Ce sont en effet des héros invisibles qui n’intéressent pas encore beaucoup les médias, qui continuent à véhiculer l’image d’un continent souffrant de misère, de maladies et de coups d’État. Quant aux experts, nombreux sont ceux qui persistent à attribuer la croissance de l’économie africaine aux exportations de matières premières, dont le cours était très élevé depuis le début des années 2000. Or, statistiquement, ce n’est pas une explication suffisante. Par contre, il apparaît clairement que la croissance est tirée par celle de la consommation du marché intérieur. Cela se confirme par le fait, qu’en 2016, alors que le cours des matières premières a fortement baissé, une croissance élevée perdure dans de nombreux pays comme au Kenya, en Ouganda, au Sénégal ou en Côte-d’Ivoire où elle atteint 8,5 %. Cela prouve qu’il existe bien une autre économie.

En quoi l’apparition de ces entrepreneurs est-elle indissociable de celle d’une classe moyenne?

Depuis une quinzaine d’années, la croissance économique repose avant tout sur la demande d’un marché intérieur grandissant du fait de la démographie, de l’urbanisation et d’une classe moyenne qui monte en puissance. Celle-ci représente aujourd’hui, une centaine de millions de gens dans l’Afrique subsaharienne. C’est peu à l’échelle du continent, mais ce n’est pas rien! Vers 2050, elle comptera sans doute 400 millions de personnes, soit une des croissances les plus vertigineuses qu’ait jamais connues notre monde. Attention, cependant, sur le terme de « classe moyenne », qui n’a pas le même sens qu’en Europe ou en Amérique du Nord. Ceux qui la constituent ont simplement dépassé le stade de la survie, ce qui signifie qu’une fois qu’ils se sont logés et nourris, il leur reste un petit peu d’argent pour consommer. Ne cherchant pas forcément ce qu’il y a de moins cher, ils attendent une certaine qualité, et cela rend possible l’apparition de marques, par exemple. La nouvelle génération d’entrepreneurs est issue de cette catégorie de population. Ils offrent de nouveaux services, mais ils en sont aussi des consommateurs. C’est un cercle vertueux.
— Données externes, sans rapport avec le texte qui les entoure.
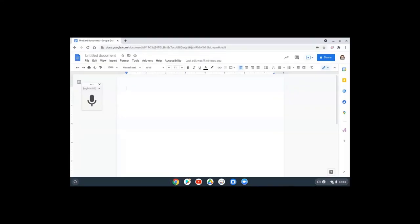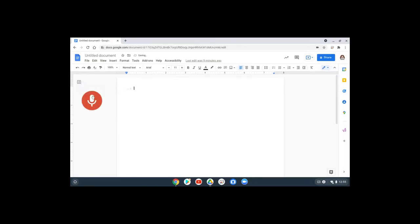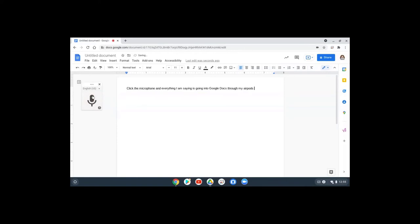Now if I put my AirPods in and I go to voice typing in Google Docs, click the microphone, and everything I am saying is going into Google Docs through my AirPods. And I'll see you soon.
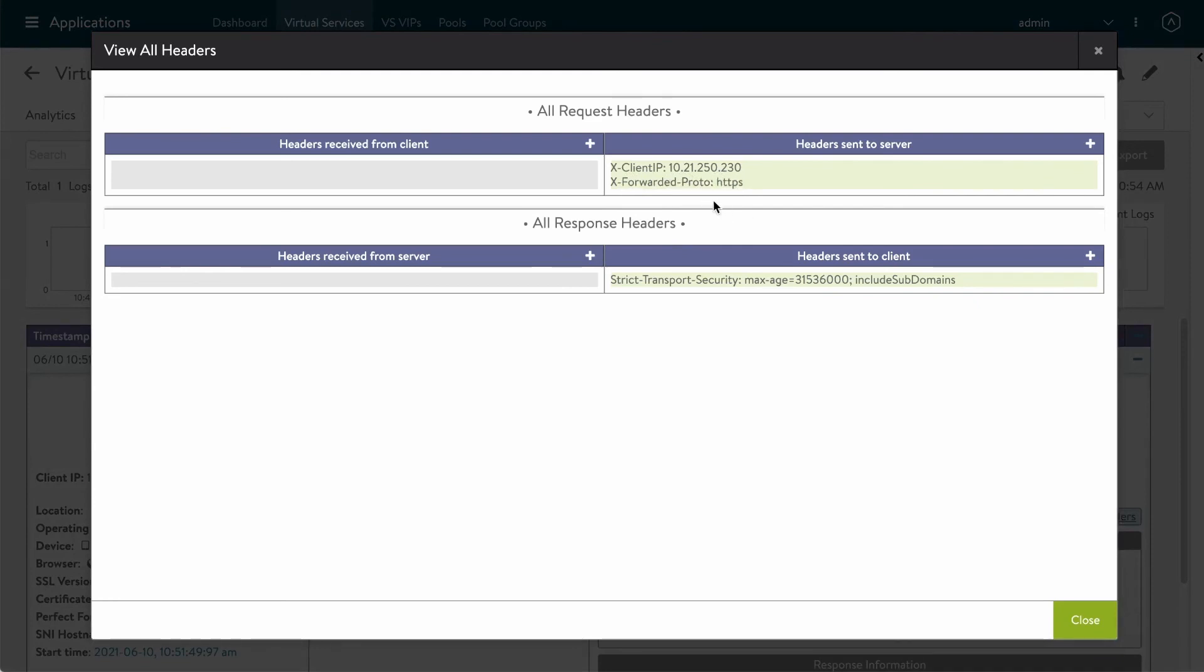So just by updating the application profile x-forwarded-for option, I now have that client IP insert with its custom name. Easy as that.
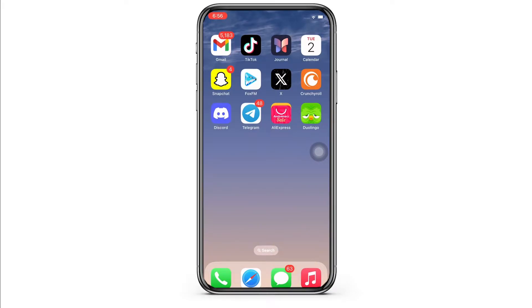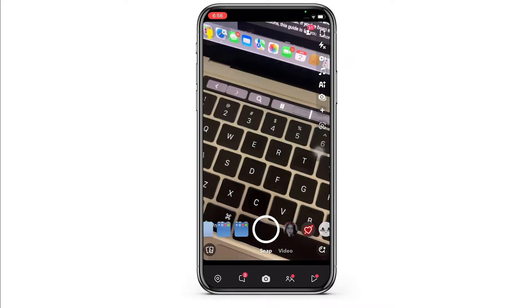Now let's get right into the tutorial. Firstly, go ahead and make sure your Snapchat application is updated to its latest version. Now open the Snapchat application and make sure you are signed in. You will be led to the camera, also the home page of Snapchat.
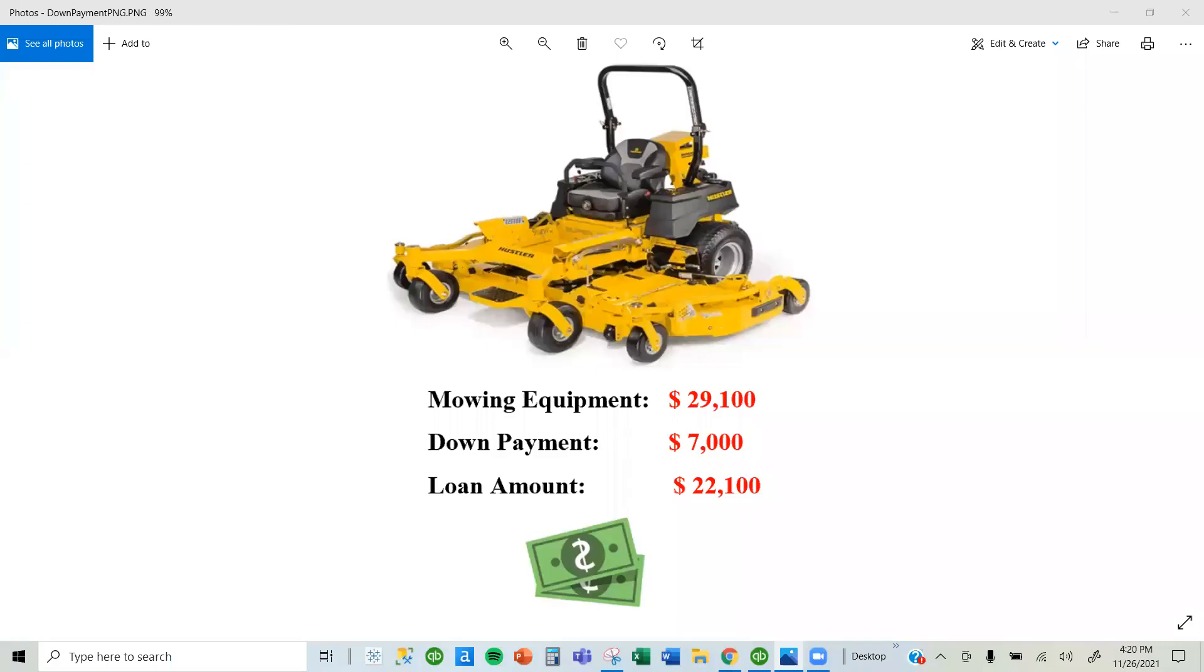Let's assume you own a landscaping company. You mow people's lawns and make their yards look beautiful. You recently purchased mowing equipment worth $29,100.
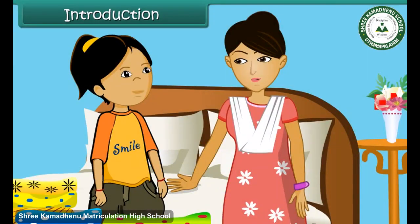What are you doing, Soumya? Mom, I am separating out my clothes according to their colours. But why, Soumya? Mom, I want to find out the number of green, red, blue and yellow dresses that I have. Who asked you to do this exercise, Soumya? My maths teacher has given me this task. She is teaching us data handling.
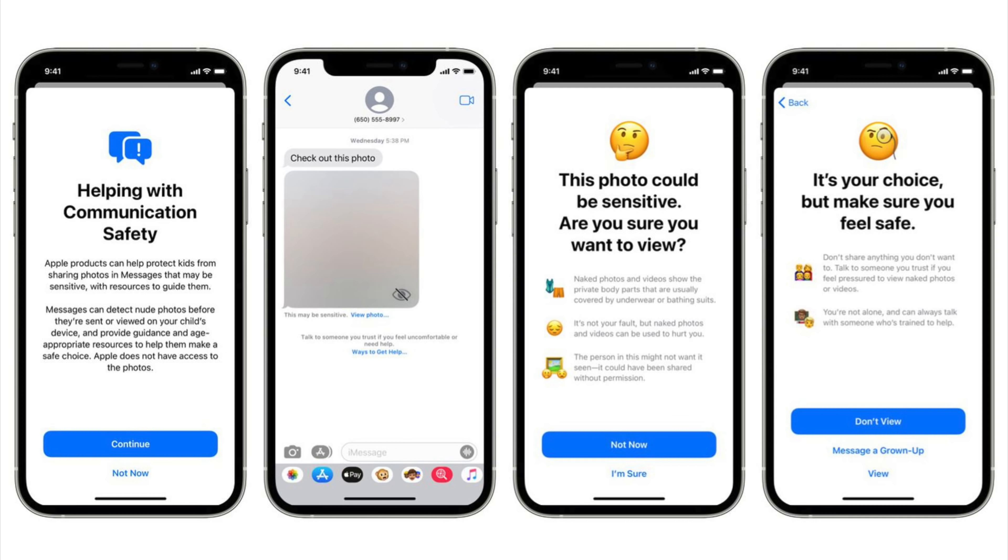In this update, Apple is enabling communication safety in messages for children. The feature is designed to scan incoming messages that contain images on children's devices for nudity and warn them that such photos might be harmful.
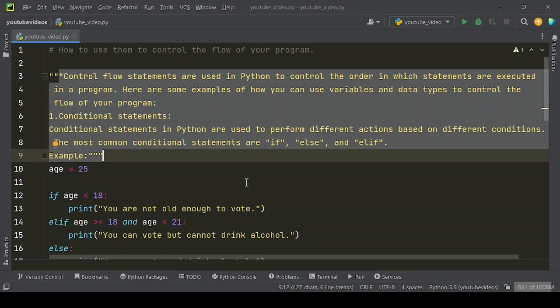Conditional statements in Python are used to perform different actions based on different conditions. The most common conditional statements are if, else, and elif.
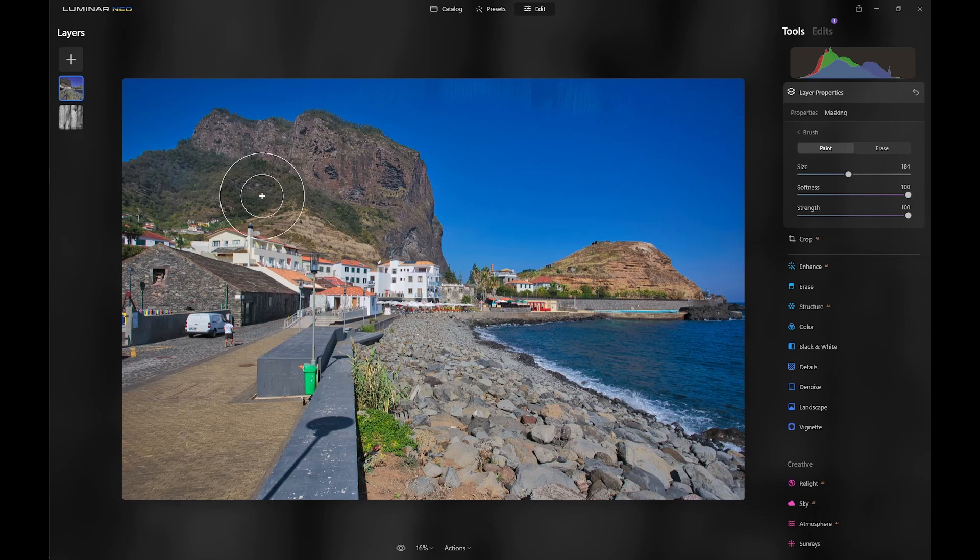With layer masking, you remove some or all of the layer you're working on, whereas with tool masking, the image in the layer you're working on remains, but the effect of any tools you've used on that layer are removed as you mask out the tool effect.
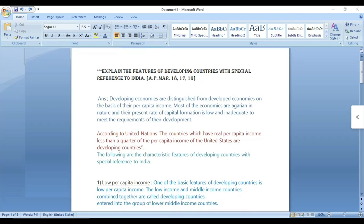I'm going to explain the features of developing countries with a special reference to India. We are talking about developing countries — not developed countries and not backward countries. India sits in the middle. We can use this reference to explain the features of this question. The answer topic is developing economies, and we are going to explain the features of developing countries.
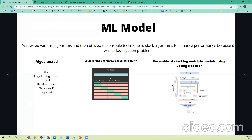Each of the three models gave their predictions, and the outputs were then passed to a voting classifier. The method used for the voting classifier is soft voting — it gets the probability from each model, and whichever label has the highest probability is taken as the final prediction. With this understanding of the model, we move ahead to the deployment.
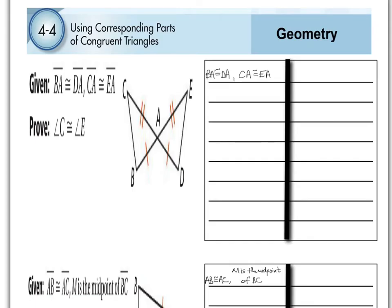Let's take a look at one more example in part one. You've been given that BA and DA are congruent, and that CA and EA are congruent to each other. We want to prove that angle C and angle E are congruent to each other. I know right now I've got my given written in, so we can put that as our given. As you look at the picture, we've got two sides. Looking at your reasons to prove triangles congruent — because remember, you're trying to prove triangles congruent first — there are two options with two sides: side-side-side and side-angle-side.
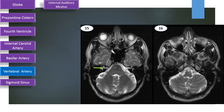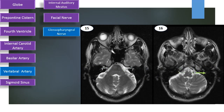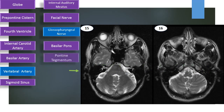Internal auditory meatus, which is a cone-shaped structure, and the facial nerve, which is entering the internal auditory meatus. Glossopharyngeal nerve, basilar pons, pontine tegmentum.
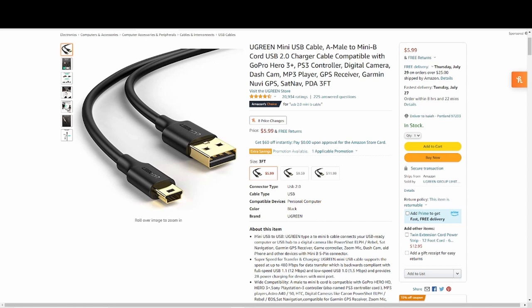So after you've got your software all downloaded and set up, you want to make sure you have a USB 2.0 mini B cable. That will go into the camera and then into your computer so you can use it as a webcam. You can see right here — I got this one on Amazon. The Amazon choice is $5.99, about $6 for one.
Malgré les énormes défis auxquels doit toujours faire face l’Afrique, vous restez optimistes?

Nous ne sommes pas naïfs et il est évident que le continent reste extraordinairement divers et contrasté, avec des pays en guerre, une population encore très rurale et pauvre, un manque criant d’infrastructures... Cependant, forte de son nouveau marché intérieur, l’Afrique porte de plus en plus les espoirs de la croissance mondiale. Et derrière cette croissance, se trouve tout un mouvement entrepreneurial. Il n’en est qu’à ses débuts, mais il y a beaucoup de raisons de croire qu’il va durer.